● **EXERCISE DETAILS**
Only the lines in the entries below from the line with "living room with" to the line with "2025 Retro Hong", both included, belong in the answer, transcribed exactly and without pictures.

● **RECORD SET**

______________________________

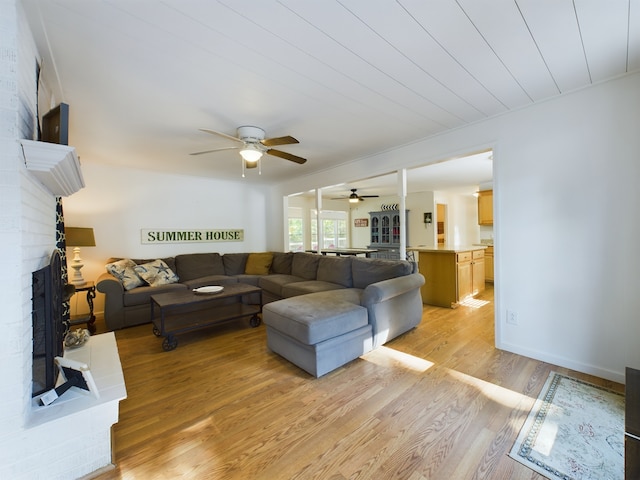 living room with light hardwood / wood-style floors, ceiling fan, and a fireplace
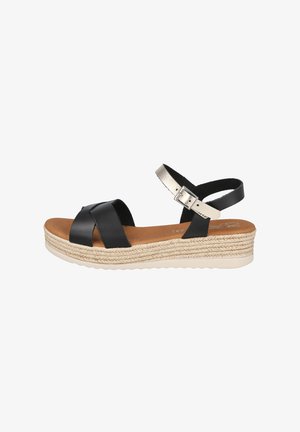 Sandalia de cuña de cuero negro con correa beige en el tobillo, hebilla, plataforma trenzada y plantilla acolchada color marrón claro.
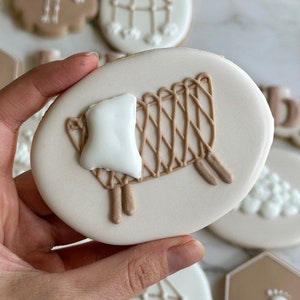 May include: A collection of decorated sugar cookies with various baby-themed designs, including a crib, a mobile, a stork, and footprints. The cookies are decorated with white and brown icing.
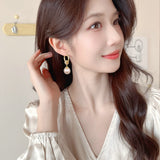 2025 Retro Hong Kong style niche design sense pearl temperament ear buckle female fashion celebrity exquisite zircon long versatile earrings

______________________________

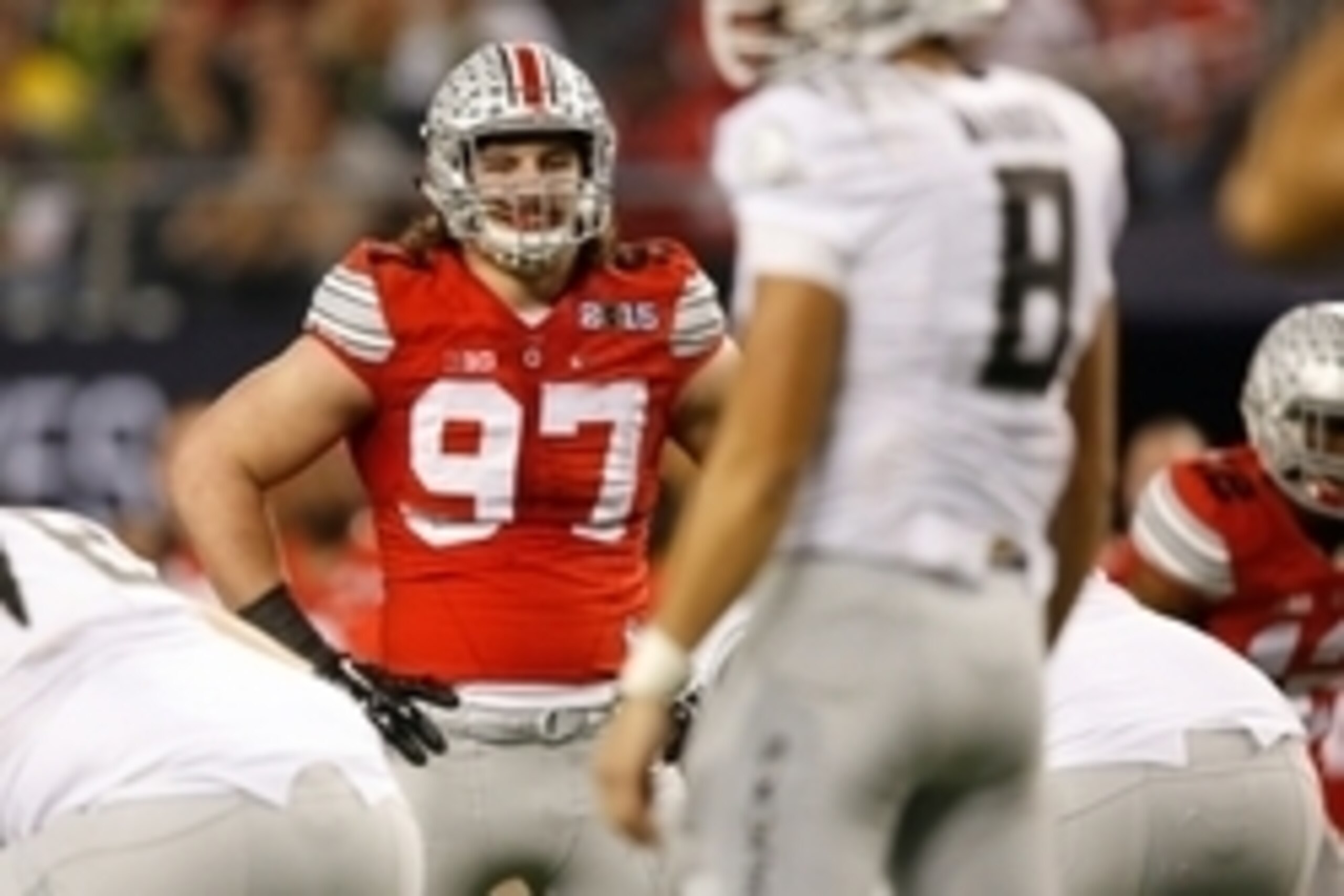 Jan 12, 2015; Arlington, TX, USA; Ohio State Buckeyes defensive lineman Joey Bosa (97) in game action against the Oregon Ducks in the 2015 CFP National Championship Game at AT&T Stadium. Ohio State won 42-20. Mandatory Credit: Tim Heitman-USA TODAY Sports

______________________________

● **RESPONSE TO THIS TASK**
 living room with light hardwood / wood-style floors, ceiling fan, and a fireplace
 Sandalia de cuña de cuero negro con correa beige en el tobillo, hebilla, plataforma trenzada y plantilla acolchada color marrón claro.
 May include: A collection of decorated sugar cookies with various baby-themed designs, including a crib, a mobile, a stork, and footprints. The cookies are decorated with white and brown icing.
 2025 Retro Hong Kong style niche design sense pearl temperament ear buckle female fashion celebrity exquisite zircon long versatile earrings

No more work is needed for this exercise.